Pointer cast

Consider the source snippet below.    'Type  *pFoo_ = *(Type **)buf; '  produce a core dump ("encountered a problem needs to close")  on my box.  

It's unclear to me why or when 'Type  *pFoo_ = *(Type **)buf; would be valid.  I tried a contrived example:

 // unsigned char buff [ 100 ] [ 200 ];
  unsigned char **buff = new unsigned char* [ 300 ] ;
  Type  *pFoo_ = *(Type **)buff;
  if ( pFoo_ ) {
    int xx = 15 ;
    pFoo_->abc = 15 ;
    std::cout <<  pFoo_->abc << std::endl;
  }

Code still bombed,hence I'm confused on how the code above - albeit 'Type" is contrived works in source code I'm looking at.     Clarity appreciated, thanks


# include <iostream>

int main() {

  struct Type {
    int abc ; 
  };

  unsigned char *buf = new unsigned char [ 100 ] ;
  Type  *pFoo = (Type *)buf; 
  if ( pFoo ) {
    pFoo->abc = 15 ;
    std::cout <<  pFoo->abc << std::endl; 
  }
  std::cout << ".... " << std::endl; 

  Type  *pFoo_ = *(Type **)buf; 
  if ( pFoo_ ) {
    int xx = 15 ; 
    pFoo_->abc = 15 ;
    std::cout <<  pFoo_->abc << std::endl; 
  }

  return ( EXIT_SUCCESS ) ;
}

Open in new window

forums_mpAsked:
Who is Participating?
 
rushtoshankarSr Manager Software DevelopmentCommented:
sorry for the confusion. i slightly misunderstood the question.
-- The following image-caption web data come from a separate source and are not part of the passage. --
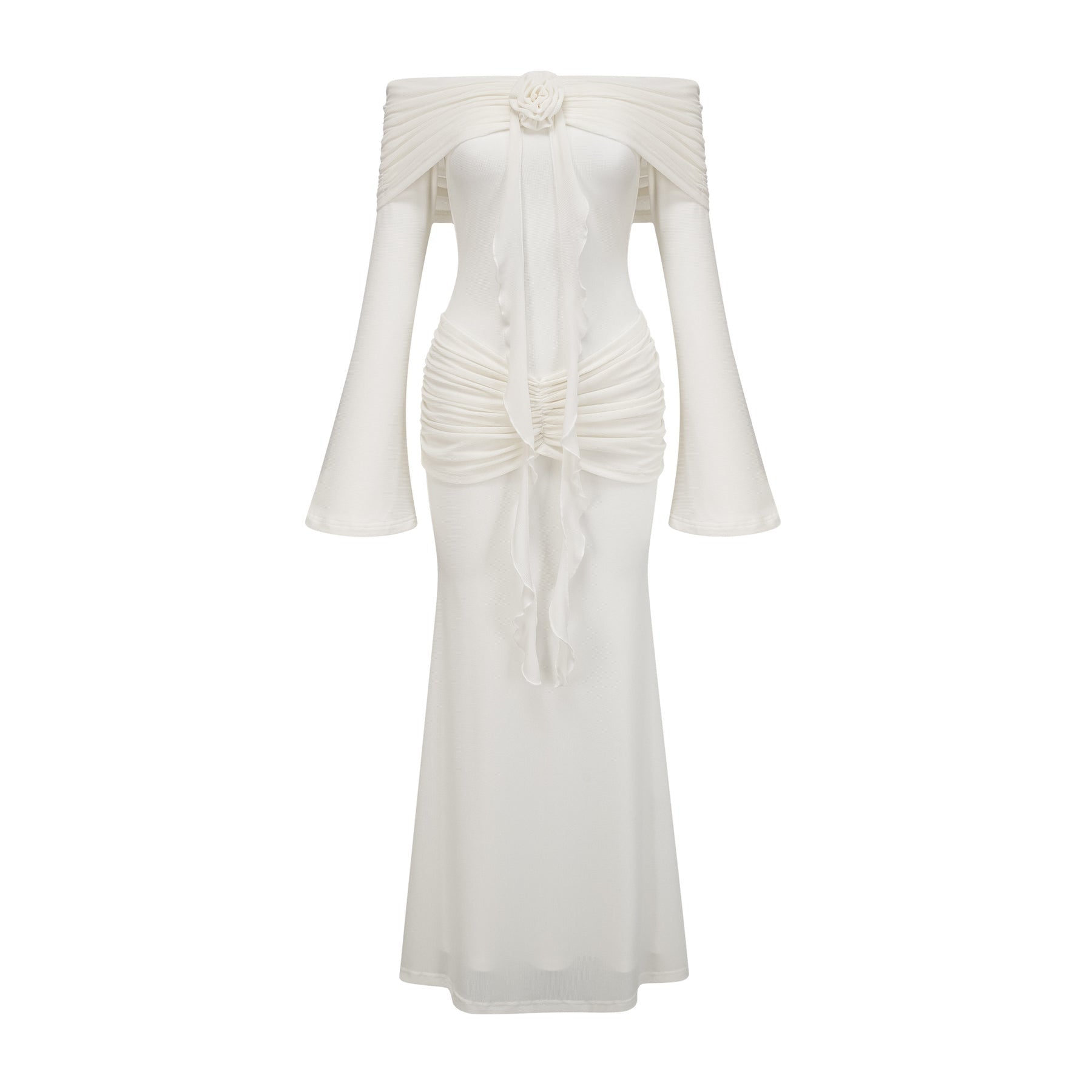 A long white knit maxi dress with glittered floral appliques adorning the fabric named Wanda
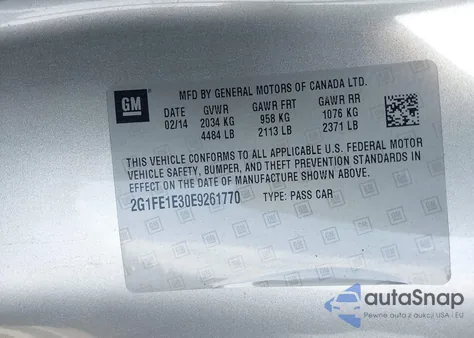 2014 Chevrolet Camaro 1Ls from USA, damaged, VIN 2G1FE1E30E9261770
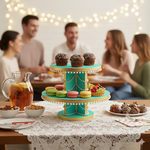 Elegant MDF 2-tier cupcake stand painted teal with gold and pearl accents for celebrations
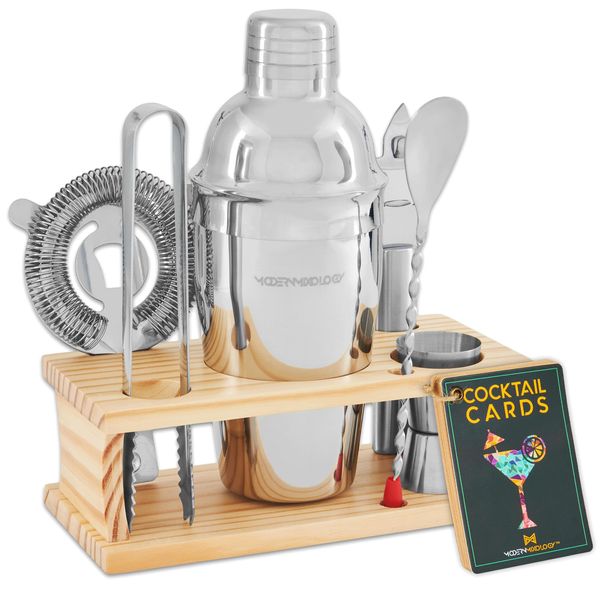 Mixology Bartender Kit - 8-Piece Cocktail Shaker Set with Wood Stand, Recipe Cards, and Bar Accessories Ideas (Silver)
the statement "It is simple difference between one dimension vs two dimensional array access" --- has to be
"It is simple difference between pointer vs pointer to pointer"
dont get confused pointer to pointer with two dimensional array.

e.g.
int a, *p = &a, **ptp = &p;
int **two = (int**) mallc(100);
two[0][0] = 0x1010;


_pFoo_ = *(Type **)ptp is valid
while
_pFoo = *(Type **) two is always in valid because,

when you do pFoo->abc the first statement
_pFoo_ = *(Type **)ptp  ===> _pFoo_ = *ptp (now ptp is of type Type**)
===> _pFoo = p (which is of type Type *

_pFoo is now pointing to the address pointed by p which is a
_pFoo->abc = 10 alters the value at a because the address of abc and a are same

when you look at the second statement
_pFoo_ = *(Type **)two  ===> _pFoo_ = *two (now two is of type Type**)
===> _pFoo = 0x1010 (which is of type Type *)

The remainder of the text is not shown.